Leaving the Sentinel’s offices before being discovered, the trio went to Ashton’s central police station to see if they could access the records concerning the 1912 raid. Luckily for them, the desk sergeant on duty was Sergeant Richard “Dickie” Schultz, a cop that Charlie had dealt with in the past, sharing information and sometimes money in exchange for leads in his private cases.

Dickie had been a cop in Ashton for several years, but had no knowledge of the 1912 raid—a fact which allowed the investigators to look at files that seemed to cover a minor event in a closed case. Pursuing the official records brought new light on the Chapel as well as unnerving implications.

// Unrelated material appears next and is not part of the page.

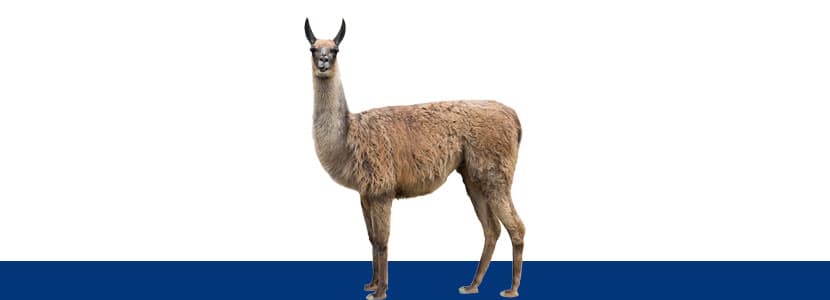 Anticuerpos de llama pueden ser útiles contra el COVID19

In 1912, the police collected several affidavits from Drybog residents implicating the Chapel of Contemplation in a series of missing children cases. A raid was launched on the Chapel, during which three policemen were killed and seventeen cult members died in either gunplay or fire. Fifty-four church members were arrested, including Pastor Michael Thomas, but only eight were ever convicted and sentenced. Pastor Thomas was given 40 years in the Snake Hill Penitentiary on five counts of second-degree murder, but escaped in 1917. His whereabouts are currently unknown.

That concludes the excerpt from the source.